NOTE: You will need a soldering iron for this fix, but you won't need soldiering skills.
Step 1: How the Analog Stick Works, and What the Problem Must Be.
Your analog stick in the resting position keeps the potentiometers right in the middle or their range. This means that if you are pushing the stick forward, the potentiometer is at a high or low limit.
Because of how the stick is assembled, it can't "slip" to the middle position when it's in the forward position without the stick being completely broken. If the stick is forward, the potentiometer is turned.
The problem we're having here, is that the stick suddenly registers away from the forward position, then works when moved around again. The only way this makes sense from a troubleshooting perspective is by the controller losing contact with the potentiometer.
This actually indicates a rather common problem in electronics of a loose solder connection.
This possibility seems even more likely when you consider that you are probably pushing down pretty hard on the stick while you play.
Lucky for us, this problem is easy to fix.
Step 2: Good and Bad Solder Connections
Good soldering requires the heating of the element (in this case, the arms that stick out of the potentiometer), and the surface contact point on the board.
Fixing this issue is as easy as reheating both contact points, and letting the existing solder re-bond to both.
Soldering is a bit of a skill, but in this case, all you have to do is jab at the existing connection with a semi-fine point.
Step 3: Fix It!
2. Locate the potentiometer that rotates when you move the control stick in the direction where it has problems. Mine was the left analog stick pushed forward.
3. Locate the leads for the potentiometer. They're the three solder points directly under the potentiometer.

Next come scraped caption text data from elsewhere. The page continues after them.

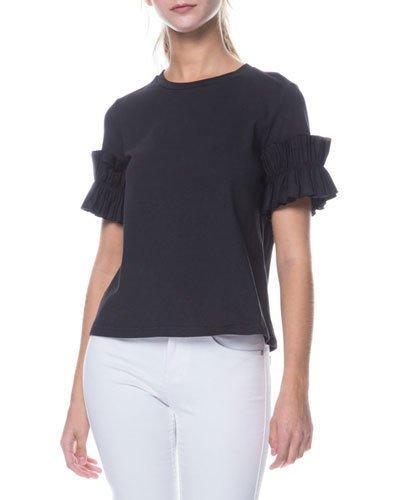 Ruffle-sleeve Tee
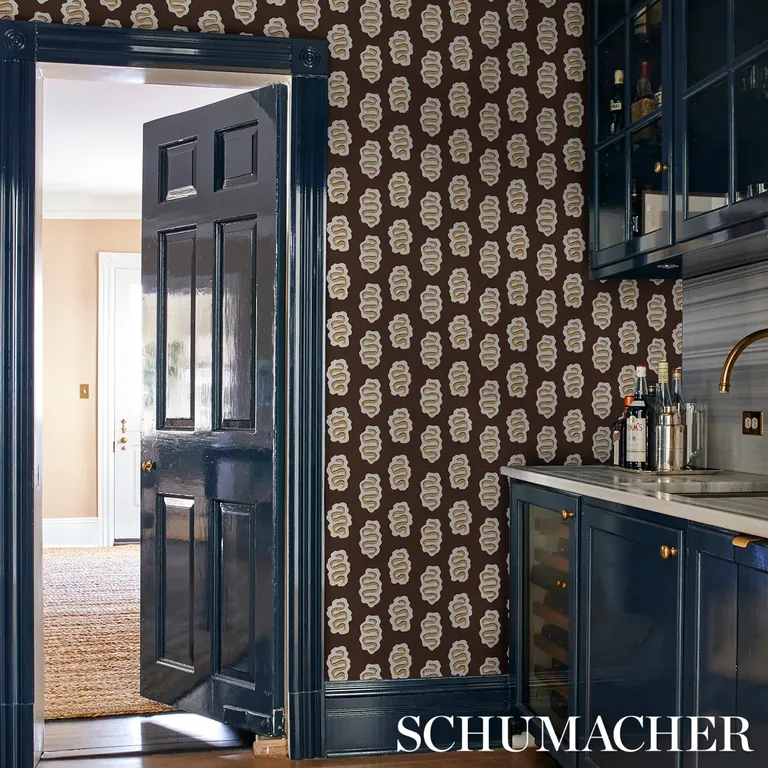 Schumacher Elsa wallpaper, color AMBER, SKU 5014812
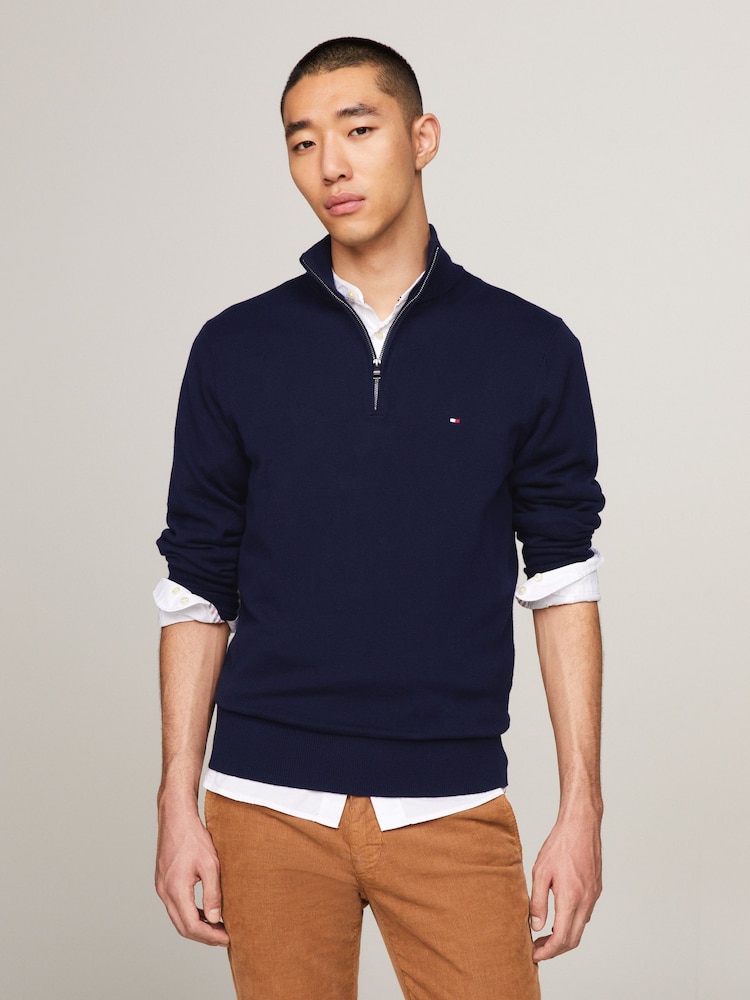 Tommy Hilfiger Blue Quarter Zip Cotton Blend Jumper With Cashmere - Image 1 of 5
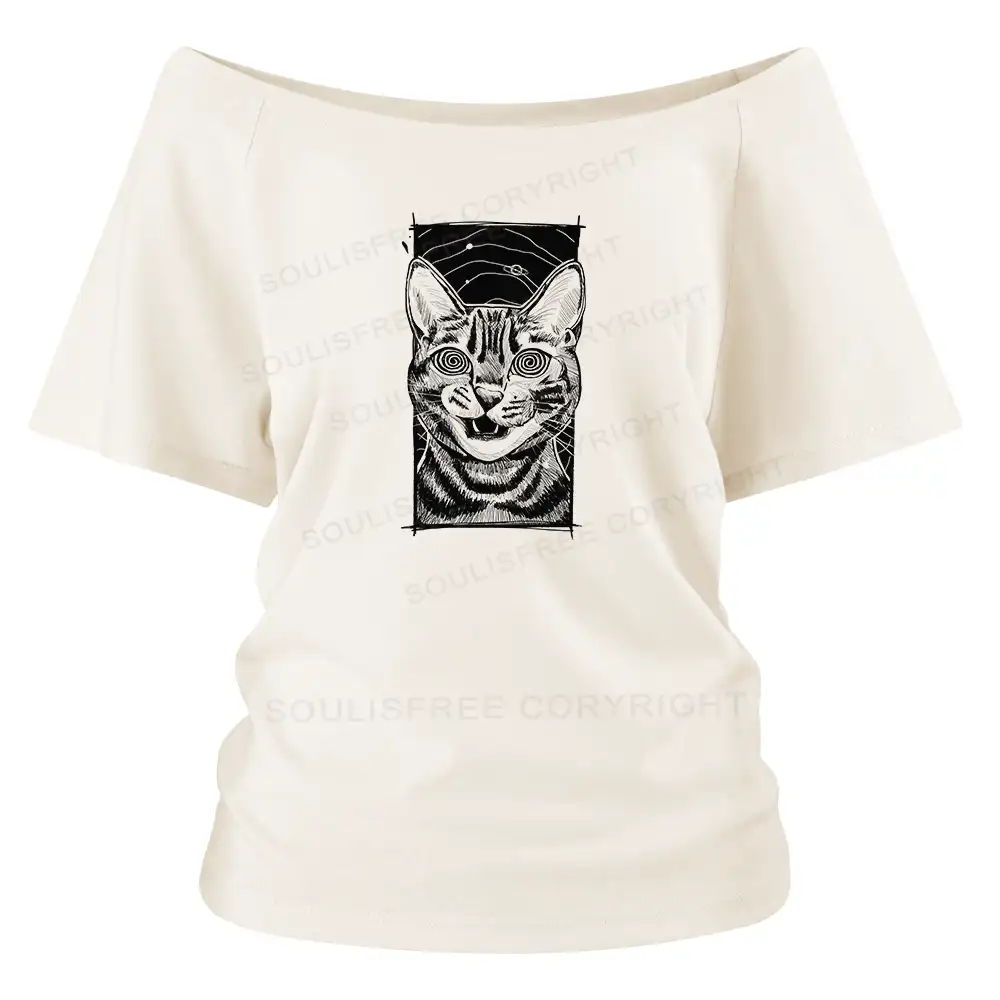 Hypnotic Cat Off Shoulder Top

4. Rest the circuit board securely on a flat surface or in a vice, and heat up your soldering iron.
5. Push your heated soldering iron into the soldering joint, making sure to contact the area of the circuit board already covered by solder AND the pin that's hidden under the solder. The solder will melt almost instantly, and you'll feel your iron contact the corner made by the circuit board and the pin.
6. Count to two, and remove your iron from the solder and wait a sec for it to harden.
7. Repeat for the other two pins.
8. Make sure none of the solder from each pin leaked over to one of the other pins or other soldier points nearby.
9. Reassemble your controller, and test it out!